(Beginning of INFORMATION)

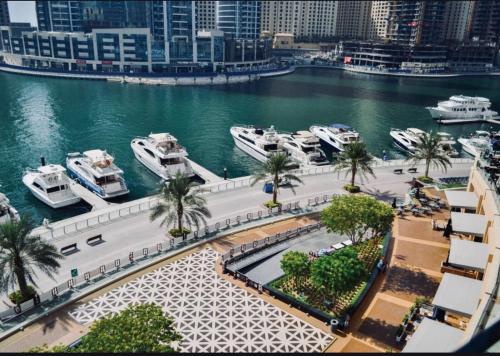 a group of boats docked in a harbor at Dubai Marina larivera in Dubai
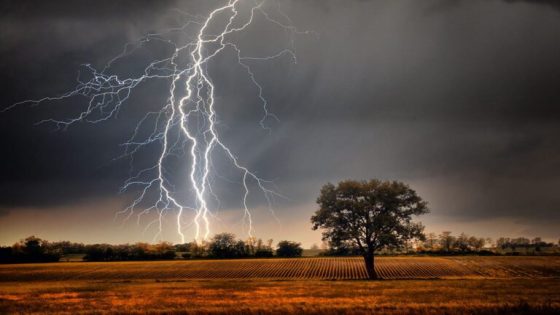 Lightning over field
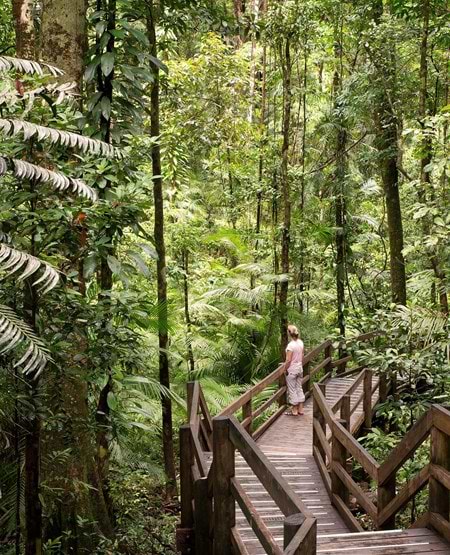 En person står på en gangsti af træ midt i en tæt, frodig regnskov i Daintree, Australien En person står på en gangsti af træ midt i en tæt, frodig regnskov i Daintree, Australien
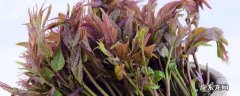 香椿芽的吃法 香椿芽怎么吃法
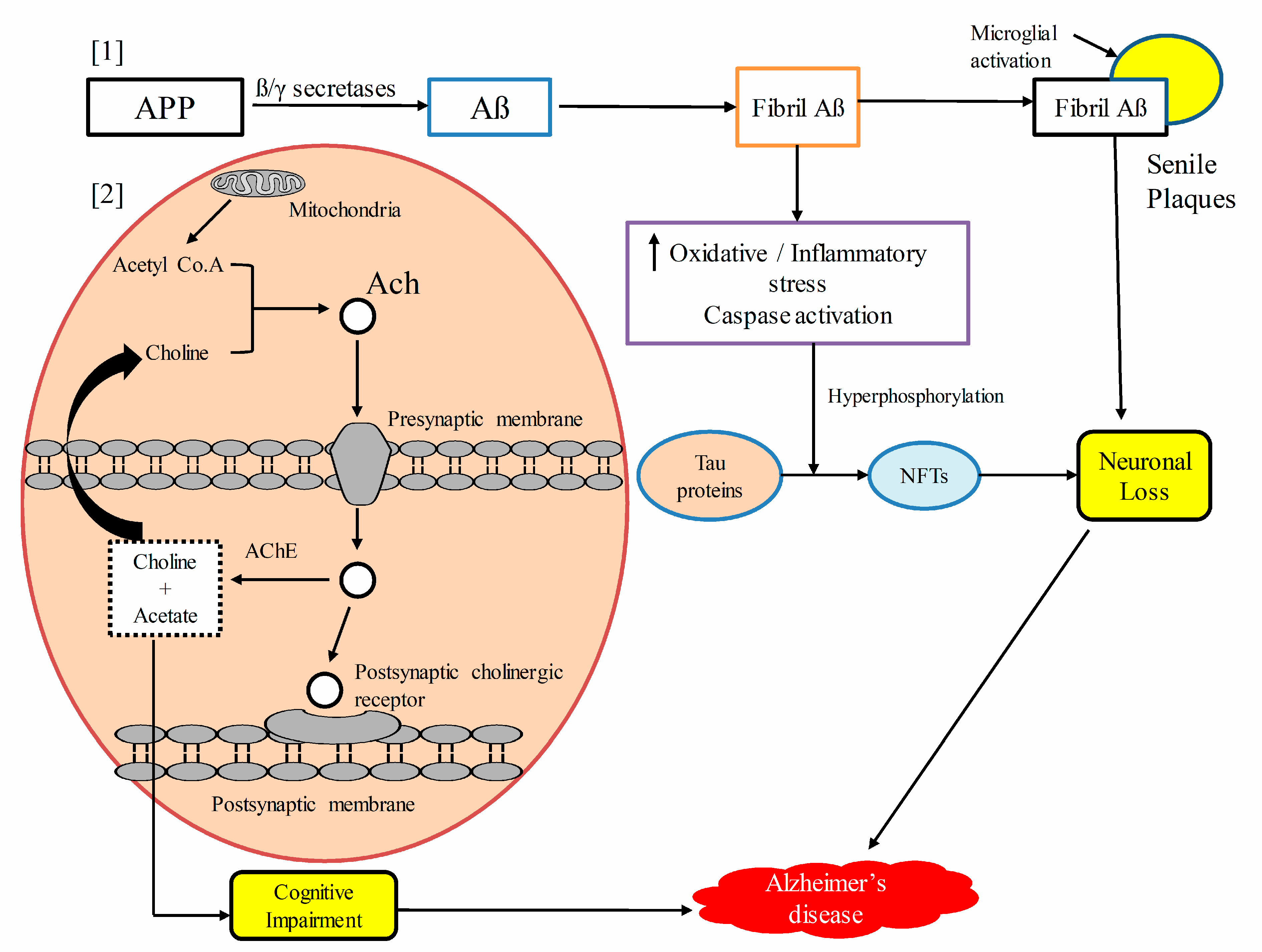 Biomolecules 10 00059 g003 Biomolecules 10 00059 g003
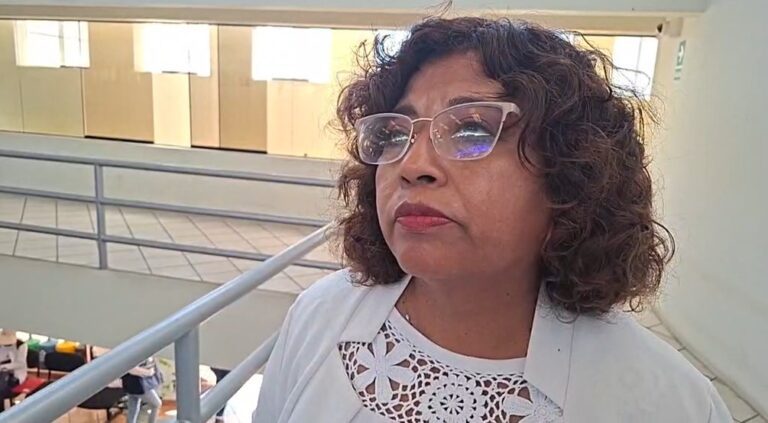 Regidores buscan dejar expedito el Muelle Hayduk para iniciativas de inversión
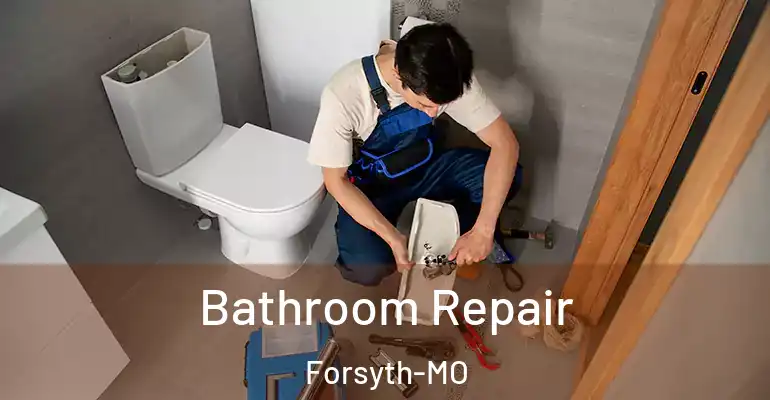 inner Bathroom imggen Bathroom Repair Forsyth-MO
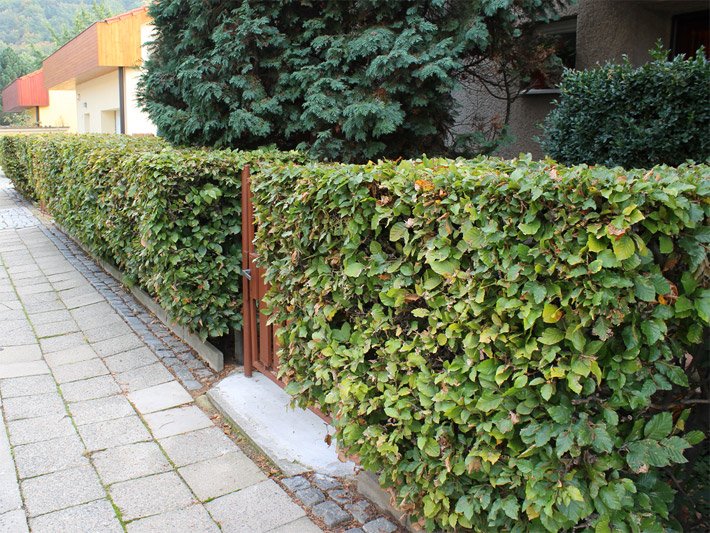 Grün belaubte Rotbuchenhecke oder Buchenhecke mit Quader-Formschnitt an einem Gehweg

(End of INFORMATION)

◆ **WORK ITEM**: What is needed is an exact copy of the lines above, from the one holding "Daintree, Australien En" down to the one holding "inner Bathroom imggen", with those two included and the pictures left out.

◆ **YOUR SOLUTION**:
 En person står på en gangsti af træ midt i en tæt, frodig regnskov i Daintree, Australien En person står på en gangsti af træ midt i en tæt, frodig regnskov i Daintree, Australien
 香椿芽的吃法 香椿芽怎么吃法
 Biomolecules 10 00059 g003 Biomolecules 10 00059 g003
 Regidores buscan dejar expedito el Muelle Hayduk para iniciativas de inversión
 inner Bathroom imggen Bathroom Repair Forsyth-MO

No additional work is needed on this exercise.